The program - organized and funded by Beijing's Tsinghua University and the non-profit Wang Foundation - enlisted 67 American students from 12 universities. The debut partnership, with some 400 Tsinghua attendees, had a mission to eliminate poverty through the implementation of modern educational technology and cross-cultural learning.

"China's growing economy is making a transition from being a labor-intense society to a consumer society," Gbajabiamila said. "It is for this that China seeks to revamp its educational system to ensure that the younger generation is better off and better prepared for urbanization."

In its first year with foreign student participation, SDSU alumna Lauren Weir, economics senior Angela Lee, ISCOR senior Evan Hearnsberger, Asian studies Professor Miguel Llora and six other SDSU students traveled from Beijing to various deeply rural, impoverished counties teaching English to local political officials, teachers, students and, in some cases, villagers.

"These places aren't even on the map, if you try to look for them," said Weir, who returned two weeks ago from traveling in Europe after teaching in China. "They're very, very rural."

Even as each teaching team was paired with a Chinese-speaking Tsinghua liaison who was charged with investigating rural-area energy consumption, financial status and standard of living, total emersion made the language barrier taunting for their American counterparts.

"If there were an Olympic team for charades, I could be on it," Weir said.

She said she carried her phrase book at all times in an effort to communicate with her students in Shanyang, a small village nestled in the mountains of central China.

"It was awkward sometimes, since 80 percent of the people were completely interested in American life and the other 20 percent didn't know what (America) was," Llora said.

Lee recalled her unbelieving Anhui province pupils as they asked, eying her black hair and familiar Chinese features, "Are you really American?"

While overcoming the language barrier proved difficult, in many cases, the dialects of differing localities prevented even the Tsinghua University guides from interacting with the SDSU teachers - creating what SDSU participants said were frustrating barriers.

"I was the one taking the initiative to communicate," said Weir, remembering the lack of interaction even among Chinese-English speakers because of dialectical differences.

Such diversity abounded at the county Ethnic Vocational Middle School in southeastern Guangnan County, bordering Vietnam, where Gbajabiamila taught.

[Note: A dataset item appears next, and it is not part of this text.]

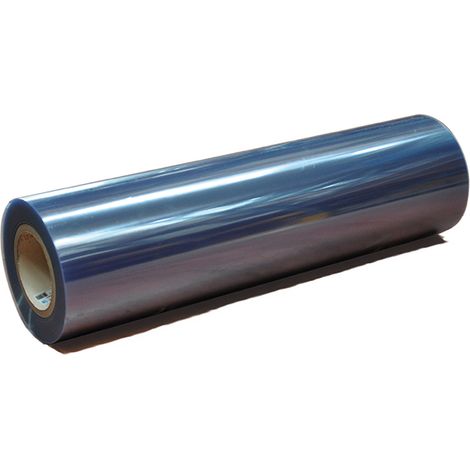 Vetro sintetico in rotolo 1x100 m, spessore 0,25 mm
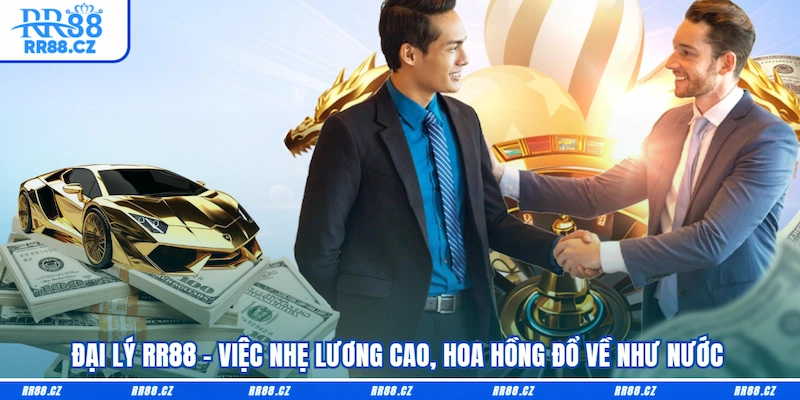 Đại Lý RR88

Despite a more accelerated classroom environment - outfitted with computers, Internet and projects - bad hygiene in the 12-person residence hall rooms stirred yet more culture shock for Gbajabiamila, who joked about the SDSU participants "not taking showers for two weeks."

While trip criteria and return dates varied for each SDSU participant, their final week ended with leisure time in Beijing, a closing ceremony and other reflective events.

"There were a few infrastructure issues," Llora said of the program's fledgling operations that included lacking Internet and health care for participants.

Remnants of strong anti-Japanese sentiments in deep regions added dimension to an already stretching cultural divide.

"I was pulled aside after being told I held my chopsticks like a Japanese person, in the middle instead of at the top," Weir said. "They told me I must not do that again."

Despite their variety of experiences, the consensus among the SDSU teachers remained unanimously positive.

"Like most experiences, we take the good with the bad and I would not hesitate to go back in an instant," Llora said.

Weir said her goal was to show her students that there can be unity between the Chinese and American students.

"My mission going over there was to show my Chinese students that even though we're totally different, we can all have a great time - the kids I was teaching walked away with that, and they impacted me that way, too," Weir said. "At the end of the day, we all made it to bed - some of us on planks - but we made it to bed. And that's all that really mattered."